Fastest way of finding the middle value of a triple?

Question

Given is an array of three numeric values and I\'d like to know the middle value of the three.

The question is, what is the fastest way of finding the midd

Answer 1

Bumping up an old thread, but still it's the shortest solution, and nobody mentioned it.

Solution:

int median2(int a, int b, int c) {
    return (a > b) ^ (a > c) ? a : (a > b) ^ (b > c) ? c : b;
}

Tests:

(tests cover all the possible combinations, all of them print 6)

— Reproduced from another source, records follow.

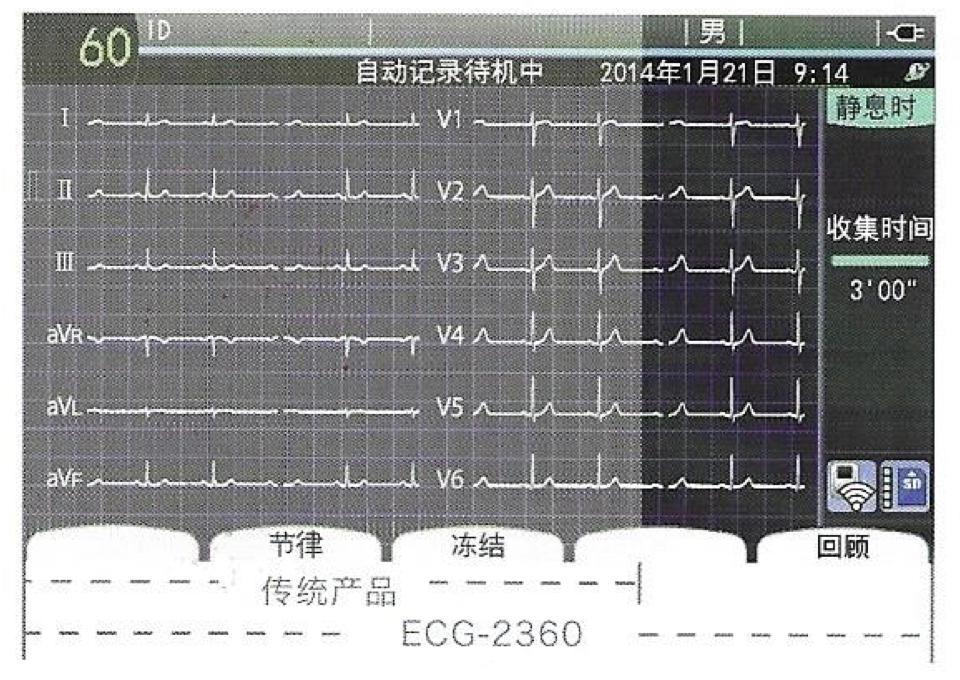 日本光电NIHON KOHDEN 心电图机 ECG-2360产品优势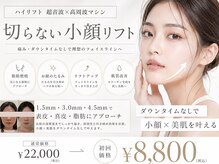 ソラ(Sola)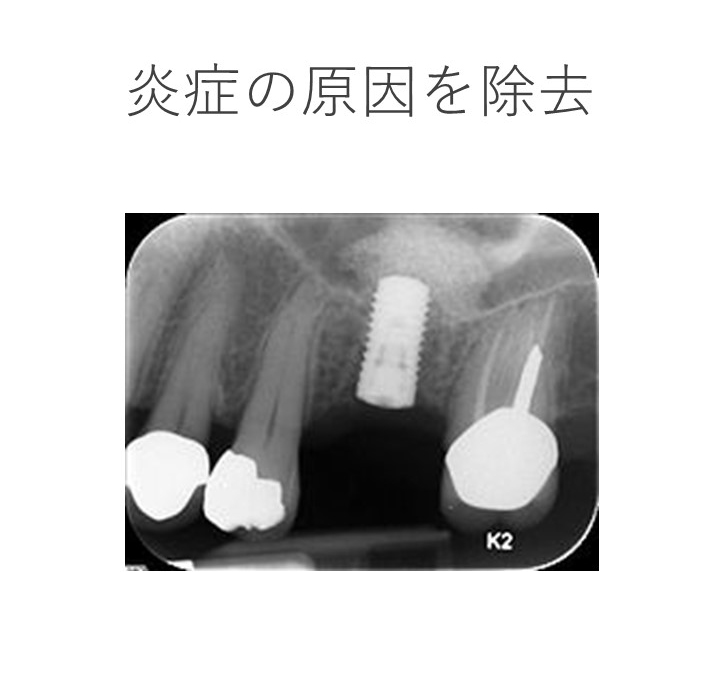 インプラント周囲粘膜炎（可逆性炎症）への対処法は？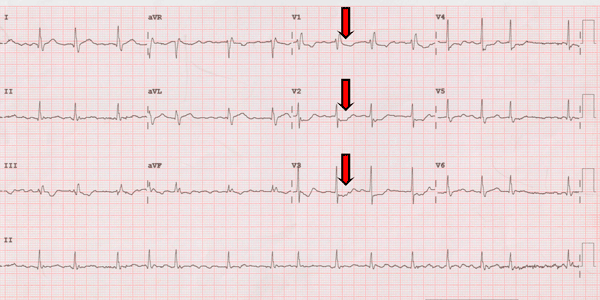 Electrocardiogram of a Posterior Myocardial Infarction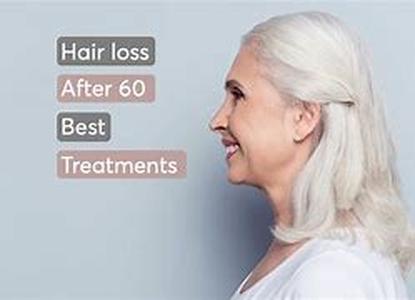Hair Loss Help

public static void main(String[] args) {

    System.out.println(median(3, 6, 9));
    System.out.println(median(3, 9, 6));
    System.out.println(median(6, 3, 9));
    System.out.println(median(6, 9, 3));
    System.out.println(median(9, 3, 6));
    System.out.println(median(9, 6, 3));
    System.out.println(median(6, 6, 3));
    System.out.println(median(6, 6, 9));
    System.out.println(median(6, 3, 6));
    System.out.println(median(6, 9, 6));
    System.out.println(median(3, 6, 6));
    System.out.println(median(9, 6, 6));
    System.out.println(median(6, 6, 6));

}

Explanation 1

(a > b) ^ (a > c) false if either c > a > b or c < a < b - return a;

otherwise (a > b) ^ (b > c) false if either a > b > c or a < b < c - return b;

otherwise return c;

Explanation 2

Let's assume p = a > b; q = b > c; s = a > c;

Let's build a Karnaugh map.

   | 00  01  11  10 (p, q)
---+----------------------
 0 |  b   c   *   a
 1 |  *   a   b   c
(s)|

* means that the combination is impossible (like a > b; b > c; a < c)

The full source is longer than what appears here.